Threatening letters bearing a Portland postmark similar to those that arrived at some Senate and House district and state office last week were intercepted Monday at a Washington area Senate screening facility – and each were similarly found to contain no hazardous material, say officials.
The arrival of such letters in Washington appear to continue what began last week as a number of threatening letters containing a powdery substance sent to some congressional district and home-state offices.
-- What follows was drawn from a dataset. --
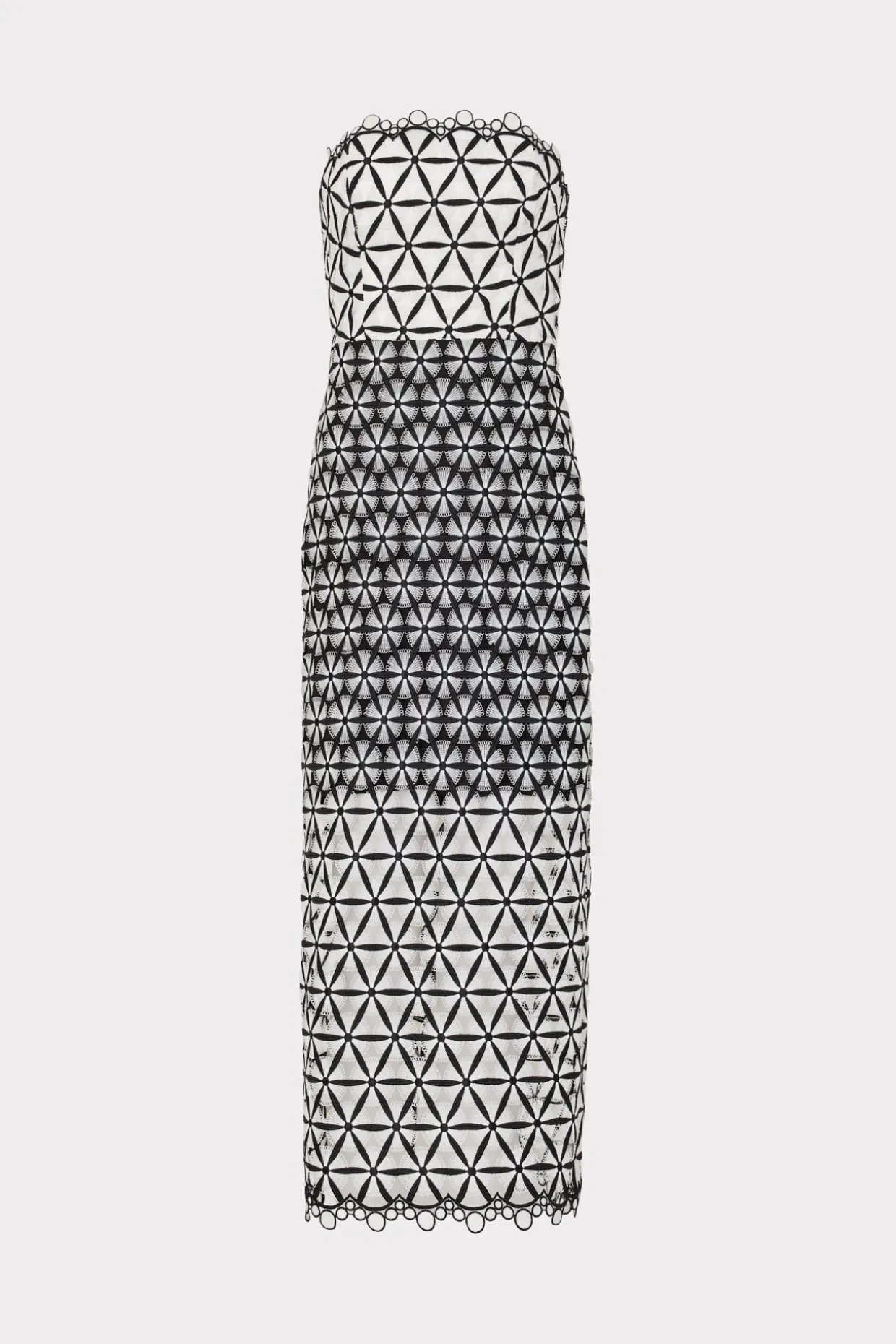 geo_star_lace_dress_0.webp Jumpsuits & Rompers-MILLY Geo Star Lace Dress Black/White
So far, in all of the instances made public, authorities determined that the powder was either corn starch or harmless mixture of corn starch with some other ingredient.
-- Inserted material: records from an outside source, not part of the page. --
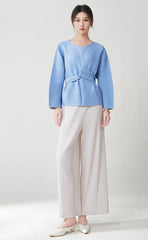 Truly Pleated Tie Back Blouse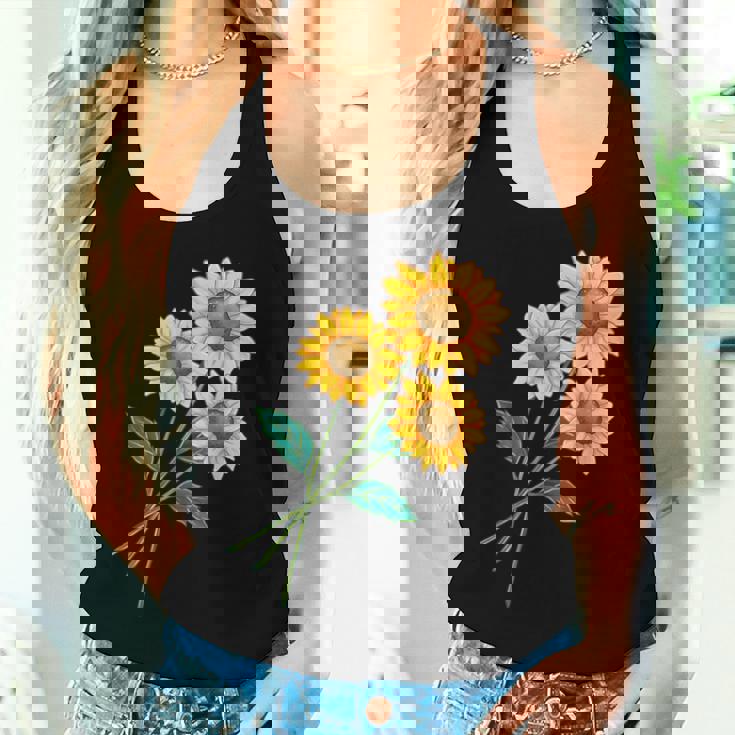 ひまわりの花束 春のフローラルガーデン 黄色の花 レディースタンクトップ 彼女への贈り物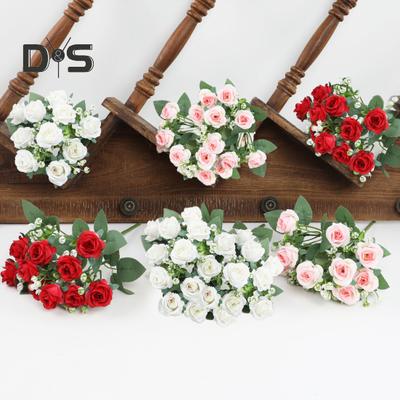 Artificial Rose Flower Bouquet with Green Leaves Stem Realistic Reusable Faux Floral Plant Home Decoration Wedding Party Photo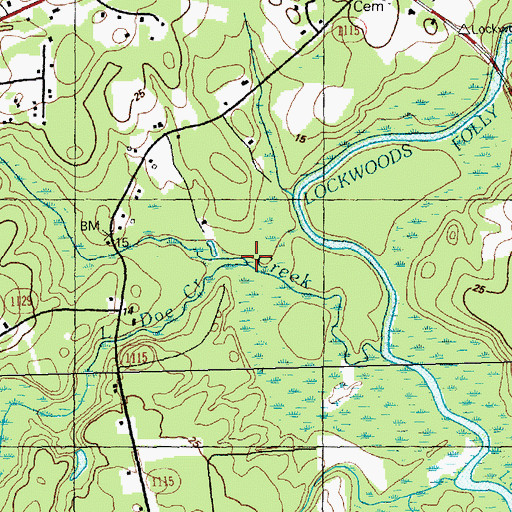 Topographic Map of Little Doe Creek, NC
But in an update on Monday, to Senate offices on Monday, Senate Sergeant-at Arms Terrance Gainer writes that, “Arrival of the letters in DC today is further evidence of the bothersome commitment of the individual or group behind these mailings.
“All staff, here in DC and in the state offices, should remain vigilant and follow our established mail-handling protocols,” advises Gainer.
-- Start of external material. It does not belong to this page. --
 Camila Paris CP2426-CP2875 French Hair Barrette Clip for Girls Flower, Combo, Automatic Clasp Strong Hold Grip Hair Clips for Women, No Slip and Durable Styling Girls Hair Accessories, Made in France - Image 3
And in a separate notification Monday, House Sergeant-at-Arms Paul Irving advised House offices that, “although no suspicious mail addressed to House Members with a DC address has been delivered, it is important to remain vigilant for any mail or package that appears out of the ordinary or contains any threats.”
Irving’s memo also notes that House mail operations have been alerted to the potential threat and are continuing to process mail destined to the House Office Buildings “in a secure environment.”
Irving also tells the House offices that “while staff should be vigilant with mail bearing a Portland postmark, you should be on the lookout for any suspicious mail, regardless of where it originated.”
A federal criminal investigation, in coordination with the U. S. Capitol Police, is ongoing.